Fortunately, that part doesn’t matter a hell of a lot to us. We don’t need to get caught up in the debate about whether spoken language evolved 1.7 million years ago, as some scholars think, or 200,000 years ago, as others argue. A few even put it at about 40,000 years ago, though discoveries since the 1990s tend to discredit that view. In this analysis, though, we can just agree that it occurred “RFLTA” (a Really Fucking Long Time Ago). What matters is that homo sapiens were communicating through sound RFLTA, which was also a RFLT before they ever tried communicating through something other than sound.

It took a long freaking time for anyone to write that word down…
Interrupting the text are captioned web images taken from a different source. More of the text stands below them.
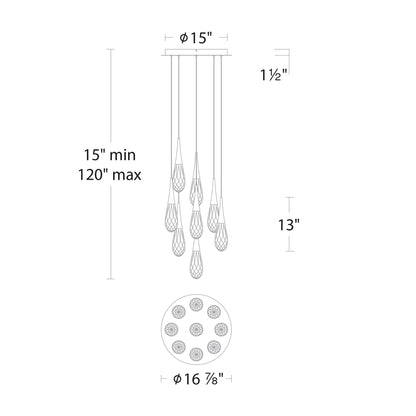 Schonbek Hibiscus 17"W Polished Nickel 9-Light LED Pendant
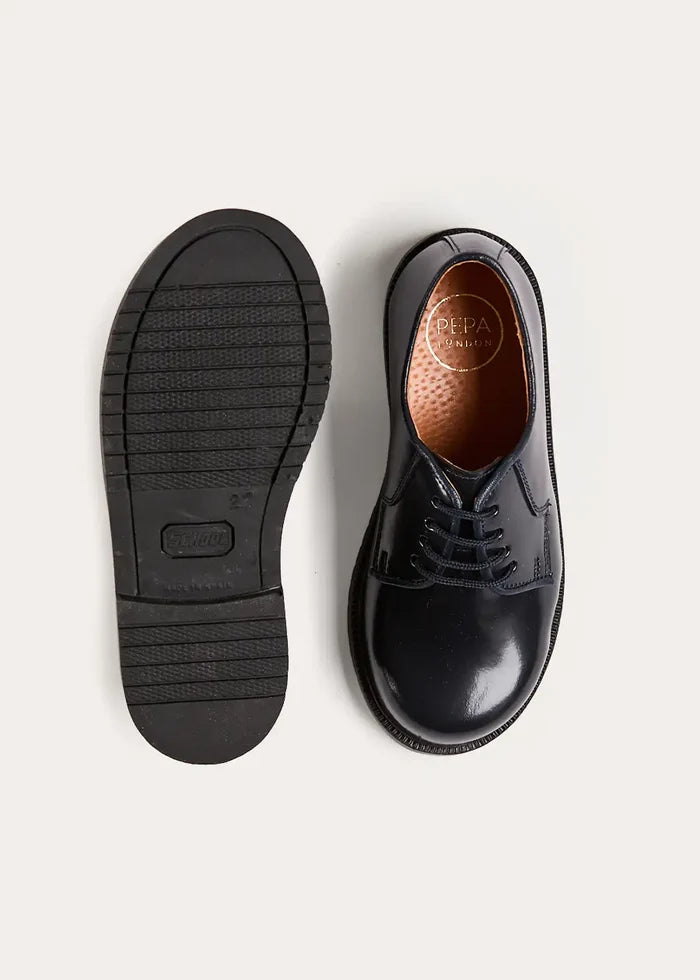 Patent Leather Lace Up Shoes in Midnight Navy (24-35EU) SHOES from Pepa London
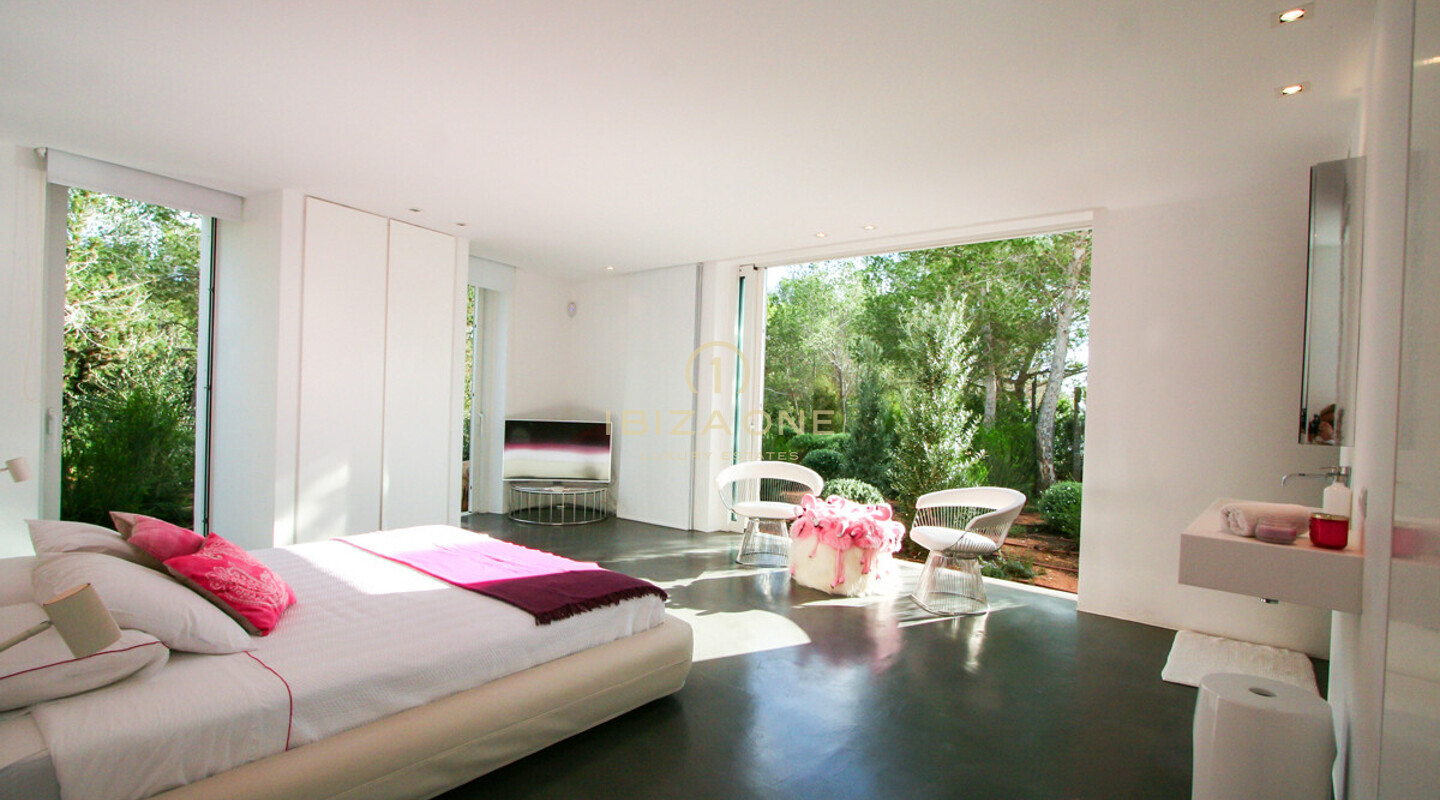 Luxury seafront villa with 350 meters sea frontage and sea access for rent in the prime location of Porroig, Ibiza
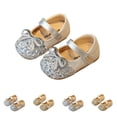 thumbnail image 1 of Bxsruta Toddler Girl Party Shoes Sparkling Rhinestone Bow Flat Dress Shoes, 1 of 7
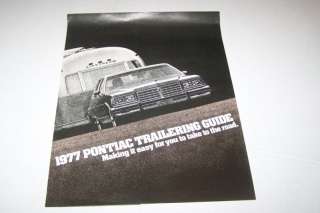 1977 PONTIAC car brochure AIRSTREAM TRAILER  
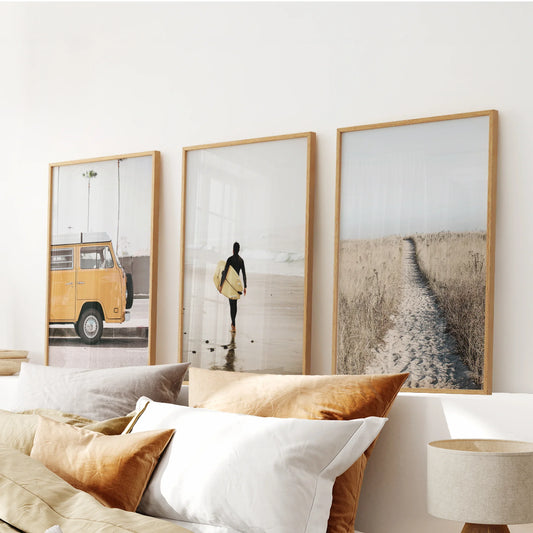 California beach surfer retro van wall art set of 3 prints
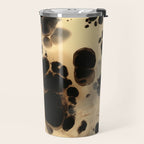 Black and Cream White Tortoiseshell Pattern Travel Mug Gallery Image 2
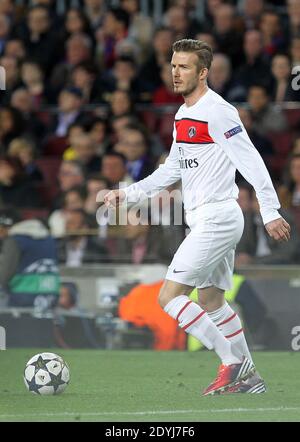 David Beckham della PSG durante la seconda partita di calcio del quarto della UEFA Champions League, FC Barcelona vs Paris Saint-Germain allo stadio Camp Nou di Barcellona, Spagna, il 10 aprile 2013. Foto di Giuliano Bevilacqua/ABACAPRESS.COM Foto Stock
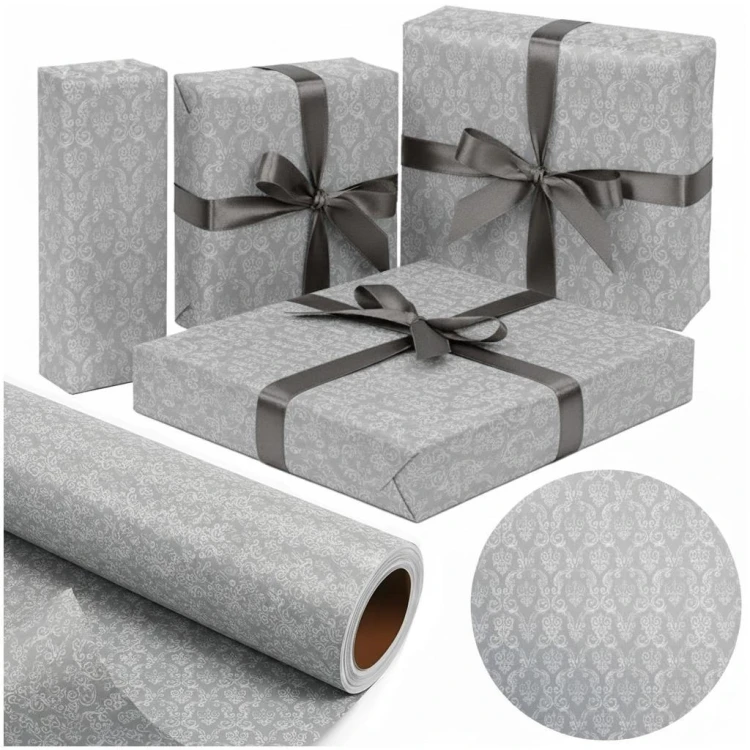 Papier Grey/Silver Damask X-Strong 57cmx25m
Writing – using agreed upon symbols to mean something – is so new that, in a evolutionary sense, the paint is still wet. Between grunting “I never said that” and anything we can really call writing, pictograms started showing up on the cave walls. They communicated ideas, but not through an agreed system of “this means that.” Instead, they just depicted the idea by showing exactly what the idea was. There was no reason to standardize them, and you didn’t need to be “literate” in any language to read them. They were, literally, just pictures:

Image

Cave of Altamira, depicting what appears to be a Red Bull Energy Drink product placement, dated to around 15,000 B.C.E.
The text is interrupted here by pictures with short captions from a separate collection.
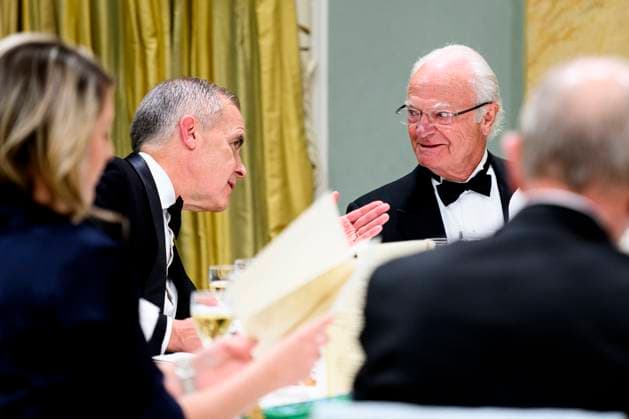 November 18, 2025, Ottawa, On, Canada: Prime Minister Mark Carney, left, and King of Sweden Carl XVI Gustaf take part in a State Dinner at Rideau Hall in Ottawa, on Tuesday, Nov. 18, 2025. Ottawa Canada  - ZUMAc35_ 20251118_zaf_c35_181 Copyright: xSpencerxColbyx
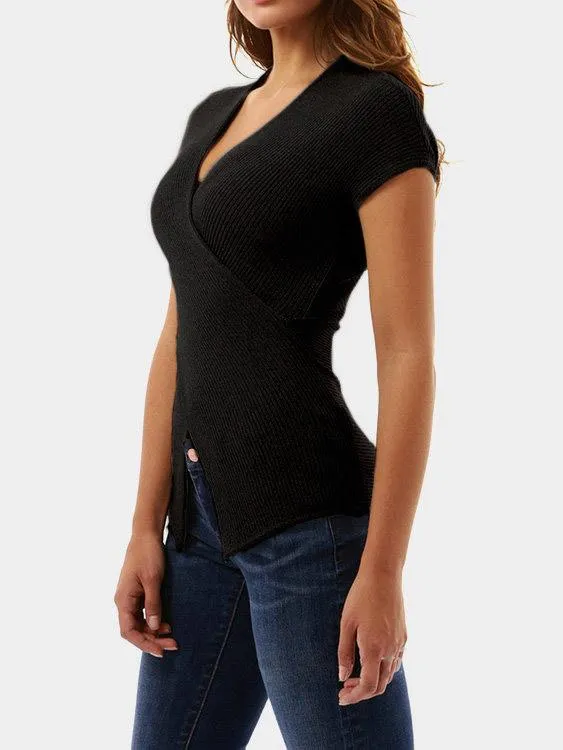 Custom V-Neck Plain Crossed Front Short Sleeve Irregular Hem Black Top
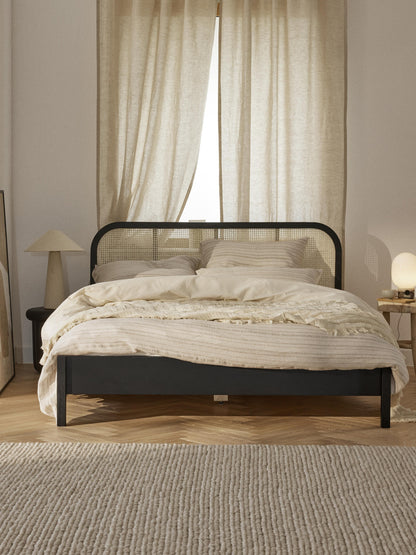 Jonaster Wooden Bed with Vienna Cane Headboard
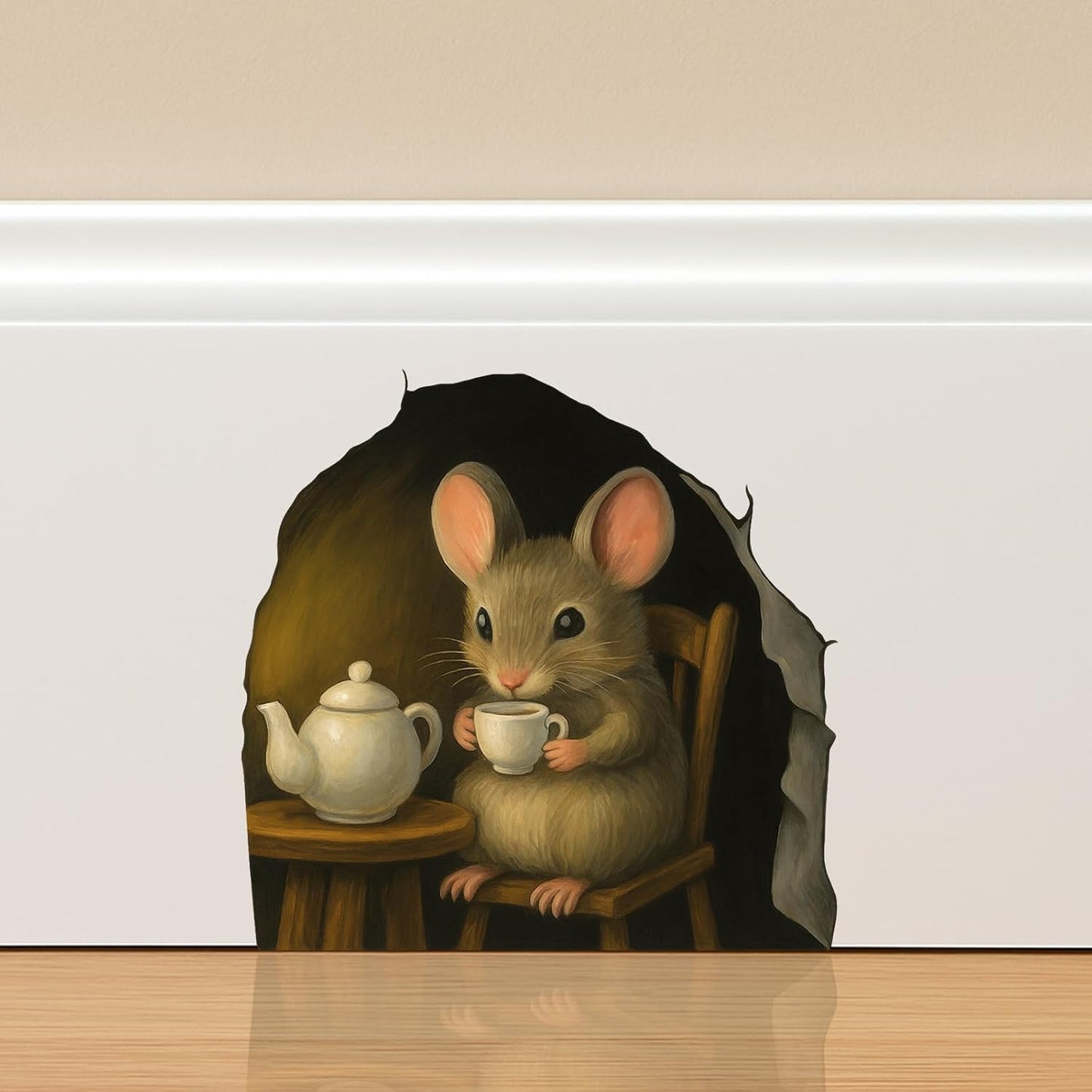 Mouse Wall Decor Sticker Decal, Kids Room, Classroom, Home, Bedroom, Bookcase, Book Lover, Children Best Gift (Mouse Enjoying Tea)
In other words, pictures, not writing. Over the course of the next 12,000 years, thanks largely to prehistoric humans’ lack of cable TV and internet access, they had plenty of time to think about standardizing those pictures a little bit. If you want to spend all week painting a beautiful picture, that’s one thing. If all you want to do is say there was an animal, there’s really no reason to go all Michelangelo on it.

So, eventually, a rudimentary system for writing developed. We went from pictograms (I drew you a picture) to ideograms (we’ve agreed this picture represents that thing). Sumerian cuneiform, showing up around 3,200 B.C.E., is thought to be the first, with Egyptian Hieroglyphics arriving around the same time. Cuneiform looked like this:

Image

These appear to be want ads from a Sumerian newspaper, and someone is giving away free kittens.

This still isn’t writing as we know it, but it was a huge step in the right direction. This is certainly not an alphabet. It is a series of pictures that represent nouns and verbs. It was also a huge pain in the ass, with around 2,000 different symbols (although that number dwindled over time).

Ideograms were of limited use themselves, but in them were the seeds for something special. The number of symbols kept dwindling, meaning they had to cover more things. This process seems to have fed on itself until the Egyptians were down to just twenty-two symbols.

Here’s the cool part…

Those symbols no longer represented specific things. They represented sounds. By 2700 B.C.E., Egyptian hieroglyphs each represented a specific syllable that began with a single consonant of their language, plus a vowel (or no vowel) to be supplied by the native speaker. That development is huge. On a whole bunch of different levels.

Why hieroglyphs still matter

Think about this for a second – we (humans) had spoken language between two million years ago and two hundred thousand years ago, depending on who’s estimate you’re using. Not counting the time we also drew pictures on cave walls (since that’s not really “writing”), we had symbols that represented “things” for about five hundred years, total. Then we switched to syllables, the most basic component of human speech. When I say “speech,” I mean sounds we make.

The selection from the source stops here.